Baby, Come Back!

Having arrived in Warwick, we promptly went nowhere. Back in late October Ortomarine had come to install the new solar panels and replace a motor belt. Ian made quick work of the belt job, giving us a spare, but it was too wet to do the panels. Another date was set but a sickness bug postponed that one. With Christmas, being generally busy, plus cold and wet weather over recent months, another suitable time had not emerged. Shane had been in touch with Ortomarine regularly and has been keeping them abreast of our movements, as requested, so that if the weather, the time and the place all suited they would arrange a visit. He was delighted to hear on our journey south that they planned to come back to us this week.

So yesterday we stayed in the canal centre. It is now BST so I thought it appropriate to break out the locally made jam for breakfast that I had got in the nearby cafe.

Summer pudding

The weather was not summery yet and indeed not up to much at all, but we had a short walk and enjoyed the fruits and flowers of Spring. I noticed the pussy willows that had been mainly soft and hairy when we left the week before, were now completely burst out with pollen and indeed a looking a little past it, though that was possibly the recent rain. There were lots of other bright looking plants to see.

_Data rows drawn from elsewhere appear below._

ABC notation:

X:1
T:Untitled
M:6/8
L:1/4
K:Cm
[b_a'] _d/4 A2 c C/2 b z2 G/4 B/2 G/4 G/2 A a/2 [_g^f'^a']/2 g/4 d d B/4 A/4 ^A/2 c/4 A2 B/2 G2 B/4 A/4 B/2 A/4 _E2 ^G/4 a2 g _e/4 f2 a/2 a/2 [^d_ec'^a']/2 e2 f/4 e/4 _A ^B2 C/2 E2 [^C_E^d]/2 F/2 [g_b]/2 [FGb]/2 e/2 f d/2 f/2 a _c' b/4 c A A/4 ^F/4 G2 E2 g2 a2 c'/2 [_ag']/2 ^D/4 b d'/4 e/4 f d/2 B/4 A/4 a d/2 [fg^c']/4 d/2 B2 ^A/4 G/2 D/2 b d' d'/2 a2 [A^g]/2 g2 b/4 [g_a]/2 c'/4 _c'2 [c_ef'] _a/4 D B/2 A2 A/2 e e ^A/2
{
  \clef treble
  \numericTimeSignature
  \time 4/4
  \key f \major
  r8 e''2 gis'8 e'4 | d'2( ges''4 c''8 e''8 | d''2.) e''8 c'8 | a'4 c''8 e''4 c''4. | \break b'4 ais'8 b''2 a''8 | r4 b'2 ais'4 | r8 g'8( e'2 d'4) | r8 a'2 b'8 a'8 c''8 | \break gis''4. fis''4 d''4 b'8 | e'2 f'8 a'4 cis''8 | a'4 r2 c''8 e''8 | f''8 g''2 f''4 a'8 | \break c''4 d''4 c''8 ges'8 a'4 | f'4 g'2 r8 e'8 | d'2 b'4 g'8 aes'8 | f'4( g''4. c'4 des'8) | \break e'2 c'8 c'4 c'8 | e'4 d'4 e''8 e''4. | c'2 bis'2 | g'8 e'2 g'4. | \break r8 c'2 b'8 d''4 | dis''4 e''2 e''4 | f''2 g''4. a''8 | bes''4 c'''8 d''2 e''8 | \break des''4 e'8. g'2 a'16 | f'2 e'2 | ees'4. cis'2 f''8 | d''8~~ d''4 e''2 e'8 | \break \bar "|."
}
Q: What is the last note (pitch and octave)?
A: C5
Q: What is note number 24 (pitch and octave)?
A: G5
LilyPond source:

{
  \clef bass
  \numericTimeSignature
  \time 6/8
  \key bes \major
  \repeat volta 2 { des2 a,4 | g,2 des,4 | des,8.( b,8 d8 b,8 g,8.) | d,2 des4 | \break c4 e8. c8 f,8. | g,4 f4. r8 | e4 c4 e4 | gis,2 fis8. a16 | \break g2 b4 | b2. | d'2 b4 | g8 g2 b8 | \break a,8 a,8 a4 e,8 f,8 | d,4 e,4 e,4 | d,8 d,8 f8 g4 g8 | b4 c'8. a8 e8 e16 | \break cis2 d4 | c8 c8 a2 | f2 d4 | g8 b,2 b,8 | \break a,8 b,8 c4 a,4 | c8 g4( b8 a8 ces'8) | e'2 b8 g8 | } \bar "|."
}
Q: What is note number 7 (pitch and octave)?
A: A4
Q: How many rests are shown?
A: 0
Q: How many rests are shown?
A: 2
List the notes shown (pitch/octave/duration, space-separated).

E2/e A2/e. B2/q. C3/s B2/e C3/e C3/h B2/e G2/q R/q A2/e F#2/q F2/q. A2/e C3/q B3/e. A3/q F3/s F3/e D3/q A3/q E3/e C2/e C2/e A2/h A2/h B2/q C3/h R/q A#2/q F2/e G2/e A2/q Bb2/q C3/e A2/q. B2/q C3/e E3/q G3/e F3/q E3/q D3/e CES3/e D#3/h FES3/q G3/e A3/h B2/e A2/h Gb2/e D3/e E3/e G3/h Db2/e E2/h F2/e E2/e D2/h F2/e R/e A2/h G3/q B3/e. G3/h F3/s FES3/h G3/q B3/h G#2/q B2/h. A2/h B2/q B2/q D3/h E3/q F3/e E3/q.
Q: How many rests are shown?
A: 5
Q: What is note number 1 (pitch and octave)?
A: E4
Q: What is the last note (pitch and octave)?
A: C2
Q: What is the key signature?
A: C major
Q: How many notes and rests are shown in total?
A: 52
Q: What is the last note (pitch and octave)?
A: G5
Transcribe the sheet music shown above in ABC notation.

Our route took us through a park, where I was surprised to see a pair of mallard ducks. There is plenty of canal very near but they had chosen a tiny space to swim, but they were managing. They won’t fit a family in there.

We went by the locks, plenty water there and saw a pair of boats going through. Both were lone boaters. We decided to help them with the gates and went over to let them know. The woman, Shane noticed, was wearing a jacket with the words East Coast Organics on it. This was the company from which we used to get a regular delivery of a box of fruit and vegetables until we started boating. Shane couldn’t help commenting. She used to work there and he noticed she had a John Muir Trust sign on one of her plant pots too. She revealed she was from Dunbar and had only been on the boat for two or three months, a brave undertaking to start lone boating, inexperienced in the middle of winter. She climbed down the ladder into the boat and we went to close the gates. They were very heavy gates and I made very slow progress, closing my side, while on Shane’s side, he was struggling to move it at all. I remembered trying this lock before and it being very hard work with people watching from the nearby pub. I shouted to Shane that I thought I had had to go to the very extreme end of the gate, beyond the handle, to get enough leverage to close it. That seemed to work but they were a reluctant pair.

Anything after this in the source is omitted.